Far from being on the periphery during the conflict, the Commons has been the best vantage point to monitor the dramatic shifts in position which have taken place since the air strikes began. The changing objectives of the war are laid out more concisely in Hansard each day than anywhere else. Without going through all of them, let us take the starting point of Blair's statement to the Commons on 23 March, the day before the air strikes began. Then he made it clear that the war aim was to "avert what would otherwise be a humanitarian disaster in Kosovo" and to secure the imposition of the Rambouillet agreement.
Now, partly because the humanitarian disaster has been hastened rather than averted, the aim has changed. Robin Cook argued in his speech in the full day's debate on Monday that the objective now was to "seek through our military action, the limited but nevertheless essential task of enabling those dispossessed from Kosovo to return to their homes under international protection". He warned also that: "We will pursue those guilty of war crimes in Kosovo", which raises the possibility of Milosevic being tried by the International War Crimes Tribunal rather than being a negotiating partner at the end of the war. As the broadly supportive chairman of the Foreign Affairs Committee, Donald Anderson observed in the same debate: "We have moved on from Rambouillet, which is dead in many respects".
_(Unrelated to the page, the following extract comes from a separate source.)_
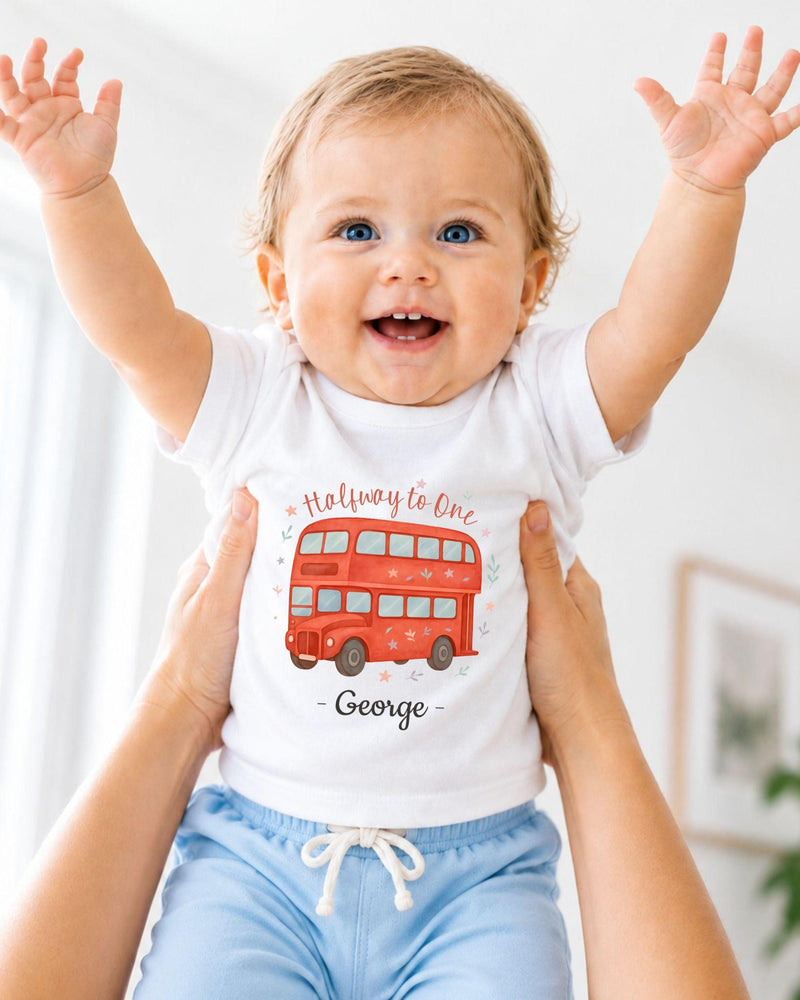A smiling baby wearing a white t-shirt with a red double-decker bus design and blue shorts, with their arms raised in a joyful gesture.
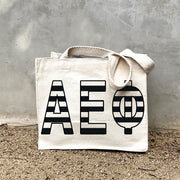 AEP Black Stripe In Black striped letters on a small canvas tote bag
The change in tactics as outlined to MPs has been even more dramatic. In Blair's statement on 23 March he ruled out the use of ground troops. William Hague was even more emphatic. "Although we support the use of ground troops to implement a diplomatic settlement, we shall not support their use to fight for a settlement," Hague declared. He asked Blair to "confirm that these strikes are not a prelude to a ground war". Blair confirmed that this was the case. By Prime Minister's Question Time on Wednesday, the U-turn was being prepared. He suggested that sending in troops against an "undegraded" Serbian military machine posed "formidable difficulties", but insisted that "Milosevic does not have a veto on NATO action".
Tony Benn would argue that these exchanges illustrate that the Commons is no more than a giant press conference, eliciting little pieces of information here and there. I believe he is wrong. Ministers are highly alert to the mood of Labour MPs. One of the reasons Downing Street is singling Clare Short out for praise at every opportunity is her work behind the scenes in keeping some Labour doubters on board. For some she is a barometer figure, who resigned from the front bench over the Gulf war, but is passionately committed now.
Nor can Conservative support be taken for granted. In war, bipartisan support matters. The last thing the Government will want is for the conflict to turn into a domestic political contest, not just because Milosevic would make the most of such opposition. It would heighten the domestic stakes as well. If events started to go wrong, a party opposed to the strategy would start to benefit. For now, the Conservative front bench is tied in to the changing, unpredictable direction of the war. It is much more likely that the Tory leadership will continue to back the Government even if it means that they too have to announce a U-turn on ground troops as spectacular as the Government's. But this cannot be taken for granted. I cannot believe I am writing this, but Michael Howard, their Foreign Affairs spokesman, has made a series of excellent, searching speeches in the Commons, implying far from unreserved support.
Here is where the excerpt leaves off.